Following Liverpool’s victory at White Heart Lane against Tottenham in May of 2008, in which former Ukrainian international Andriy Voronin and Premier League legend Fernando Torres found themselves on the scoresheet, many fans in the stadium and around the country would not realise that this fixture would be the last Premier League game refereed by a member of the BAME community, Uriah Rennie, one of England’s first elite level black referees.

Since Rennie’s departure from refereeing and almost fourteen years later, the official Premier League list of referees states the names of forty officials; all of whom are white. This blatantly obvious lack of diversity therefore must be questioned, with football as a whole in the past decade developing so far, in terms of style of play and inclusivity.

Many onlookers to the game believe that this lack of BAME referees is caused, unfortunately, by racial bias and racism itself, externally and internally within the FA decision making panel. With the introduction of taking the knee, a gesture intended to highlight the importance of the Black Lives Matter movement, in the three recent seasons of the Premier League, and some lower divisions, has brought the topic of racism to the forefront of English football, and rightly so. The ‘beautiful game’ is still vulnerable to the racial abuse of fans, but also internal racial abuse, as proven by the lack of progression of BAME referees at grassroots level compared to white officials.

A report numbering over fifty pages, courtesy of the BAME Referee Support group, has criticised the Football association who oversee the promotion of referees for their racism in decision making. This document encloses reports of abhorrent racial abuse and bias towards officials of the BAME community, indicating a major cause in the lack of elite level Black, Asian and Mixed Ethnicity referees in English football.

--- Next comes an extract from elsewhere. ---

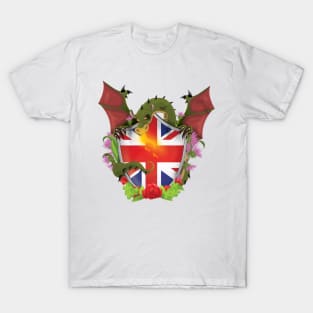 British Dragon T-Shirt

In such a modern age of football, where the Premier League has expressed its desire to include and incorporate all members of society into the English game, this obvious absence of non-white referees must be solved. Unfortunately, as mentioned, racism adorns each and every level of football, whether that be from the fans, or from the Association itself, and until such flaws are rooted out and dealt with properly, the Premier League will struggle to progress with modern times.